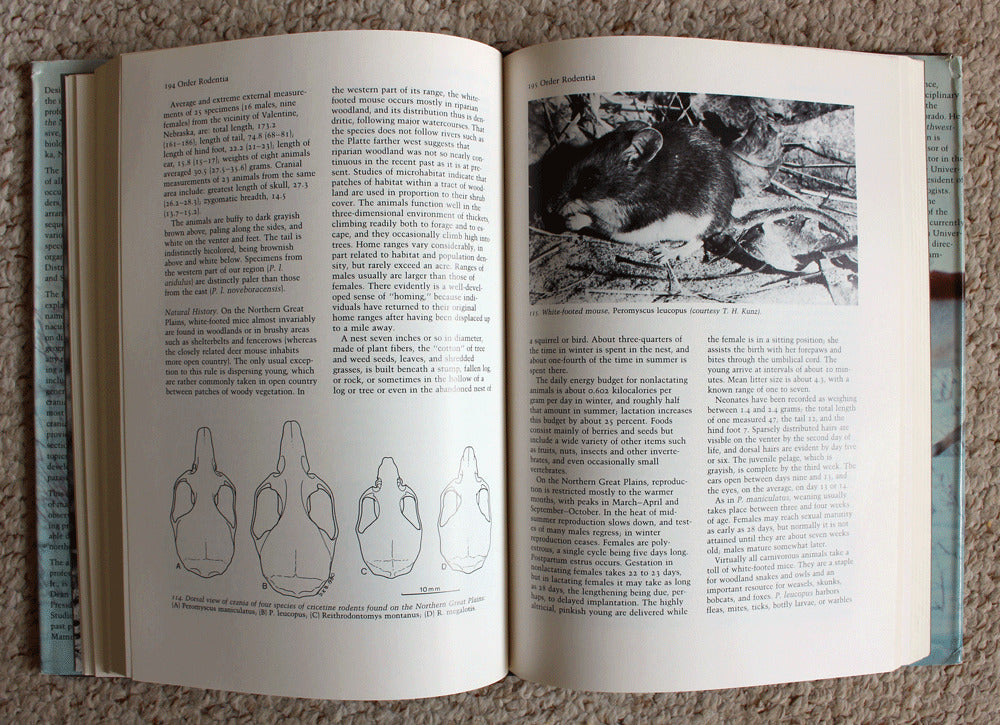 Mammals of the Northern Great Plains - First Edition - 1983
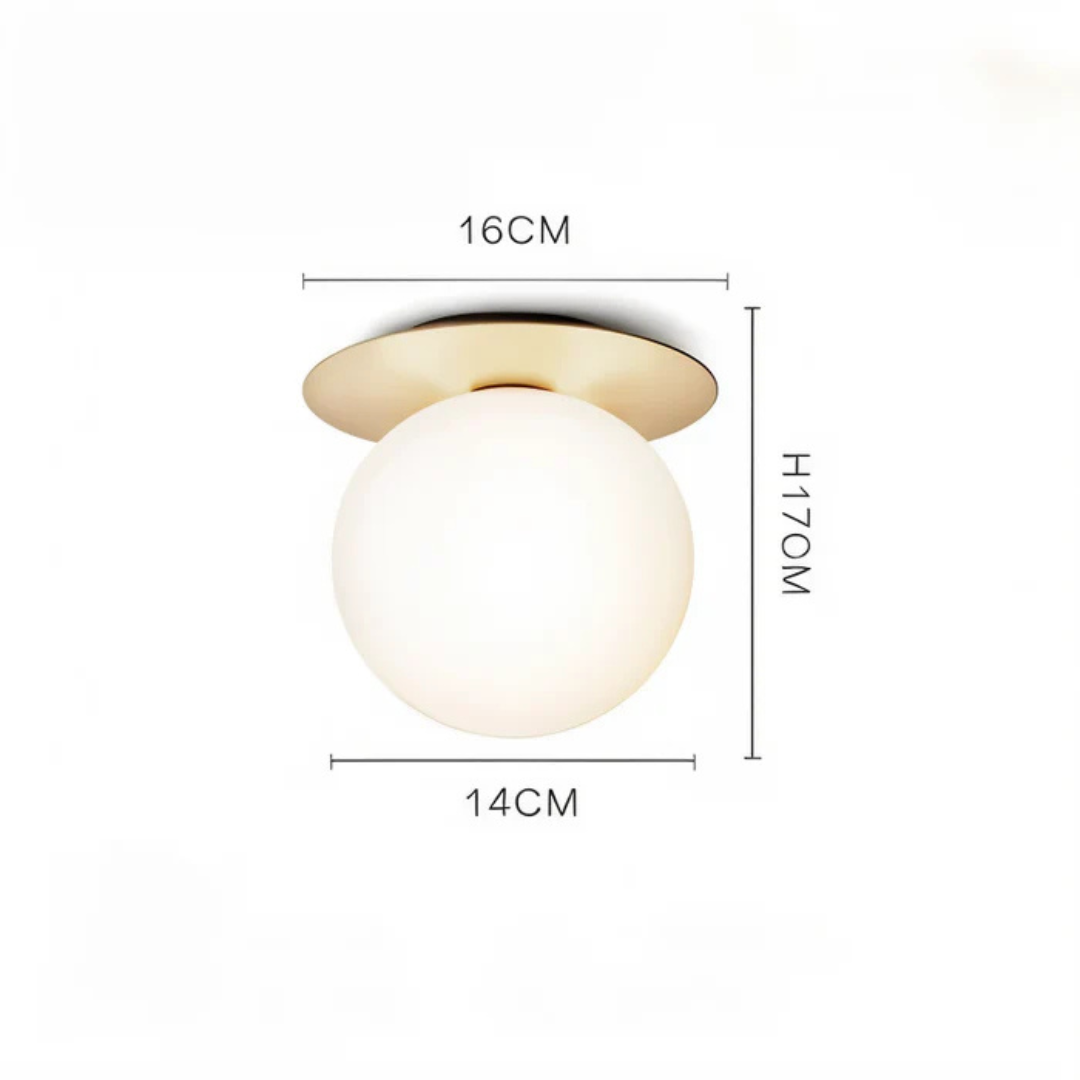 Bright LED Ceiling and Wall Mount Light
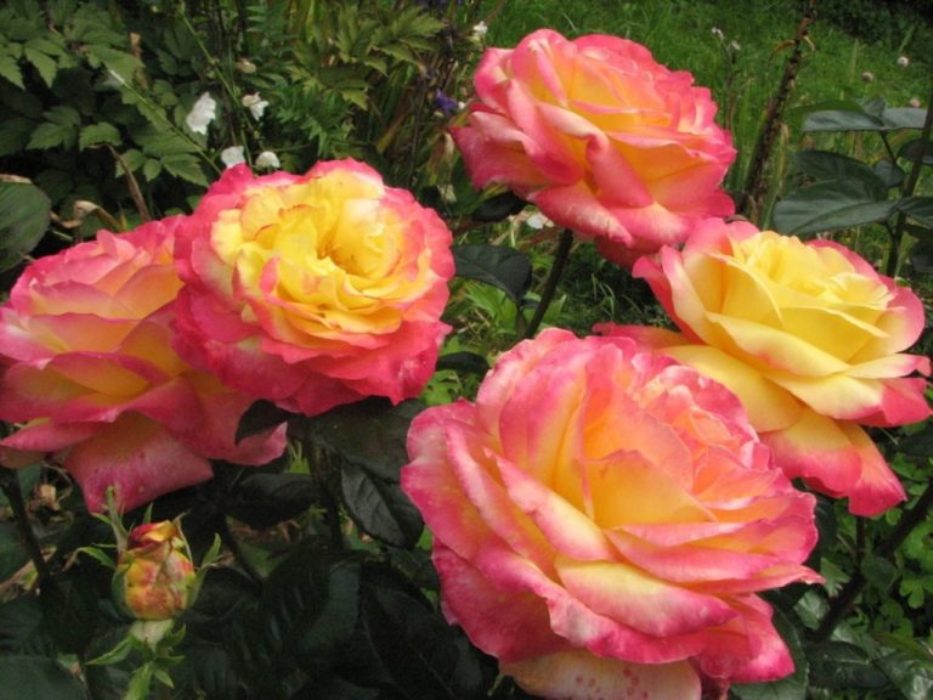 Oriental Peace plikomis šaknimis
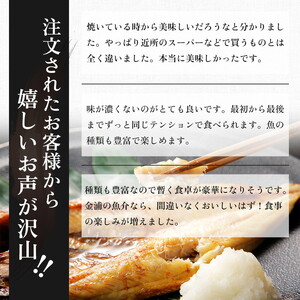 《6か月定期便》干物セット 15品程度(9種類程度) 干物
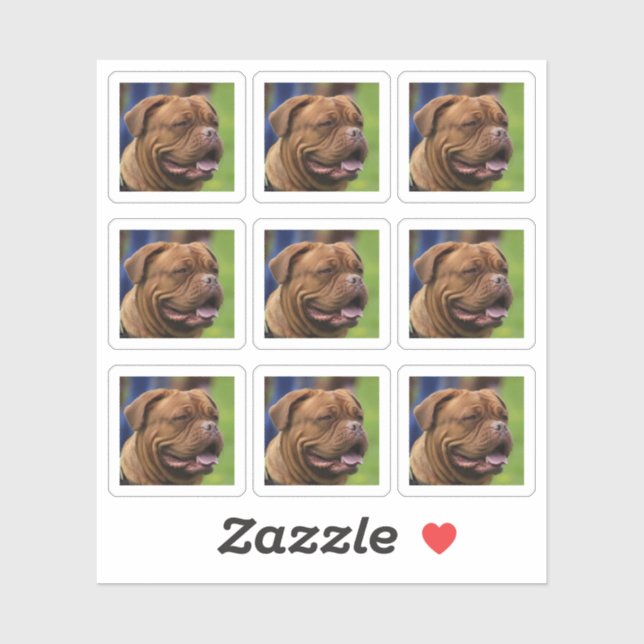 Dog Photo Portrait DIY (Sheet)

•••••

## Your assignment
Reproduce every record exactly; images stay out.

## Your solution
 Mammals of the Northern Great Plains - First Edition - 1983
 Bright LED Ceiling and Wall Mount Light
 Oriental Peace plikomis šaknimis
 《6か月定期便》干物セット 15品程度(9種類程度) 干物
 Dog Photo Portrait DIY (Sheet)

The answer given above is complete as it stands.